Performing Pete Seeger's anti-war anthem "Where Have All the Flowers Gone?" at a 1989 Veterans' Day celebration in the state capitol rotunda in Madison, Wachtendonk moved a somber procession of hundreds as they dropped roses on an altar bearing a US flag, a shroud & a body bag symbolic of their losses.  Similarly emotional events have taken place countless times at the stark polished black marble Vietnam War Memorial in Washington, D.C.

The title is a nod to the song mentioned most by vets discussing their time in South Vietnam.  The authors call "We Gotta Get Out of This Place" an "unlikely anthem."  Written by Cynthia Weill & Barry Mann about wanting to escape a stifling working-class existence, it was most famously recorded in 1965 by the Animals, a British rock band.  Animals singer Eric Burdon recalled meeting a Vietnam vet who told him that the song literally saved his life once during combat duty at a firebase.

"They had a cassette of our second album, and they wanted to hear it.  So he said to me, 'I left to go back to get a copy of that album, and when I came back all my buddies were dead."

That mid-Sixties hit's choral refrain, "We gotta get out of this place / if it's the last thing we ever do," struck a chord with many who served in Vietnam, Bradley & Werner discovered.  It inspired a young Bruce Springsteen as well.  During his 2012 keynote speech at the South by Southwest music conference in Austin (Texas/USA), Springsteen said the song put him on an artistic path that he still follows today.

"To me, the Animals were a revelation.  The first records with full-blown class consciousness that I had ever heard," the Boss noted.  "'We Gotta Get Out of This Place' had that great bass riff.  [He plays the riff & sings the first verse.] That's every song I've ever written . . .  That's 'Born to Run,' 'Born in the USA,' everything I've done for the past forty years."
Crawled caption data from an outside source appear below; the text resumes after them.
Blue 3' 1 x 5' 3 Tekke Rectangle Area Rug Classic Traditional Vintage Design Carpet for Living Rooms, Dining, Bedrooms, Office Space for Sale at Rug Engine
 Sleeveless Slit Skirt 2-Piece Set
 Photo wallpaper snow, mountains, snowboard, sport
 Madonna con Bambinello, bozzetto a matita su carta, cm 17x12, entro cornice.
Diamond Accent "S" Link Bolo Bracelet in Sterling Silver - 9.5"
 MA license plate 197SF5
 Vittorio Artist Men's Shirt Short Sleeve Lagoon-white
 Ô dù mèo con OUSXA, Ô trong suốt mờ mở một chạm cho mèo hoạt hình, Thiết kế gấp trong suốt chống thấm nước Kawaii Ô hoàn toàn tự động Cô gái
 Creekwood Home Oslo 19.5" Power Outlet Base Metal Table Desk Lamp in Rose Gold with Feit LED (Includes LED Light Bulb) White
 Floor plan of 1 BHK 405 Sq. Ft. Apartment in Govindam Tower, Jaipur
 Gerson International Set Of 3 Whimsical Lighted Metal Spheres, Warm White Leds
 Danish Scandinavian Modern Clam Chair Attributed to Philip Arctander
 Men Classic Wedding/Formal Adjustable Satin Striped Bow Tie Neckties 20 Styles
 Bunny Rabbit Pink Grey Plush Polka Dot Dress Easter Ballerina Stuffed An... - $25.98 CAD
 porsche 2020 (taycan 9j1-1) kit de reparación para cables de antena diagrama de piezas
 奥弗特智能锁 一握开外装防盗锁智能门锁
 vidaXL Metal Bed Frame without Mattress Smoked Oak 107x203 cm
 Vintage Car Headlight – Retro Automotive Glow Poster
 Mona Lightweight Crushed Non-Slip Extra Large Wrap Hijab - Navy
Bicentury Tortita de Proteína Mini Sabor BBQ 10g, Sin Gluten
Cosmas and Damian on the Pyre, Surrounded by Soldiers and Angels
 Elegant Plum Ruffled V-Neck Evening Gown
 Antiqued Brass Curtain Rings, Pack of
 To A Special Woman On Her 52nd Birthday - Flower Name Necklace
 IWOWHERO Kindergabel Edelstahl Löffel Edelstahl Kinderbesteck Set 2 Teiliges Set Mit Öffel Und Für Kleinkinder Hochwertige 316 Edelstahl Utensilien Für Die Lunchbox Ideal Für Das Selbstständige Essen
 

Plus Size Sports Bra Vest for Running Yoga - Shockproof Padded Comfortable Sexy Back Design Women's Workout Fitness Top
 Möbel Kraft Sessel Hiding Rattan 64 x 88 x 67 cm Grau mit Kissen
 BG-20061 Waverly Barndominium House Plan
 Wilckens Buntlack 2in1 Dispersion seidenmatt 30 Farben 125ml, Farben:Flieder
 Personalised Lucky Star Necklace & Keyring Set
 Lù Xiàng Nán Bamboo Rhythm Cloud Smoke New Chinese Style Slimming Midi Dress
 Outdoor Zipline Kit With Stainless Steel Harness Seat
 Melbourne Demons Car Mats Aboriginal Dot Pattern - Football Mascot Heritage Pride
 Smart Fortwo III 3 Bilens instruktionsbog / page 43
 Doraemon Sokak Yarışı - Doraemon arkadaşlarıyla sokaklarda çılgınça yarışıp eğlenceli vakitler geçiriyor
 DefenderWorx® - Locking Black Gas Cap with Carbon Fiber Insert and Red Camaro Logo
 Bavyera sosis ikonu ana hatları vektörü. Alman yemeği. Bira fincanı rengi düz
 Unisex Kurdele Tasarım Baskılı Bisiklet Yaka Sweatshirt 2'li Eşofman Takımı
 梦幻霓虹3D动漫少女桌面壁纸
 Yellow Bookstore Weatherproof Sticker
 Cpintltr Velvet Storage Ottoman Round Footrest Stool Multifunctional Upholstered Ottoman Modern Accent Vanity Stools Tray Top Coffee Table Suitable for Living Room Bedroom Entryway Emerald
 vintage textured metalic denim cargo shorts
Several songs by ex-Army reservist John Fogerty, of the late-60s California-based rock band Creedence Clearwater Revival, also had special meaning to many Vietnam vets.  "Fortunate Son" & "Who'll Stop the Rain?" were composed out of Fogerty's anger at the government.  He rejoiced upon receiving his final discharge papers in July 1968 & immediately started writing the oft-covered "Proud Mary."

The United States, especially under the leadership of President Lyndon Baines Johnson (1963-69), sent millions of predominantly working-class and minority men to fight & die in a pointless war, one largely driven by ideology (see the so-called Domino Theory) & a desire to protect corporate assets (mainly rubber plantations) in Indochina.

The book features many anecdotes of pathetic gallows humor among troops.  It also offers the ribald insider story of Lee Hazelwood, writer & producer of "These Boots Are Made for Walkin'."  This monster hit carries special meaning among GIs whose lives depended on good combat boots.  It became the signature number for Nancy Sinatra, the go-go-booted pin-up daughter of Frank, upon its release in 1966.  She later performed it during USO tours of Vietnam & still sings it at veterans' gatherings.   Hazelwood reputedly encouraged Sinatra to sing it "'as if she were a sixteen-year-old girl who fucks truck drivers.'"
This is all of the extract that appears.